Auf einem Weihnachtsmarkt in der ostdeutschen Stadt Magdeburg in Sachsen-Anhalt ist ein Autofahrer am Freitagabend in eine Menschengruppe gerast. Bei der Tat sind laut übereinstimmenden Berichten mindestens vier Personen getötet und 200 Personen verletzt worden. Zuvor war von mindestens zwei Toten und siebzig Verletzten die Rede. Die Zahl der Todesopfer könne weiter steigen.

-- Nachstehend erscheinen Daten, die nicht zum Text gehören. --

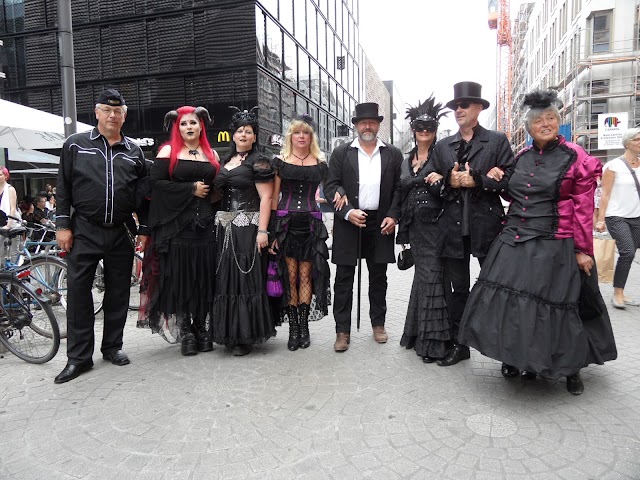 WGT Center Wave-Gotik-Treffen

Der Täter ist laut einem Polizeisprecher mehr als 400 Meter über den Weihnachtsmarkt gefahren und hat dabei zahlreiche Menschen erfasst. Auf dem Weihnachtsmarkt wimmelte es von Rettungswagen und Sanitätern. Verletzte wurden laut Berichten von Augenzeugen an einer grossen Weihnachtspyramide versorgt. Zur weiteren Versorgung von Verletzten wurden Zelte aufgebaut, mehrere verletzte Personen wurden weggetragen. Ein Sprecher des Universitätsklinikums sagte der Deutschen Presse-Agentur, Intensivbetten würden bereitstehen. Mehrere Opfer mussten in die Universitätsklinik Halle geflogen werden.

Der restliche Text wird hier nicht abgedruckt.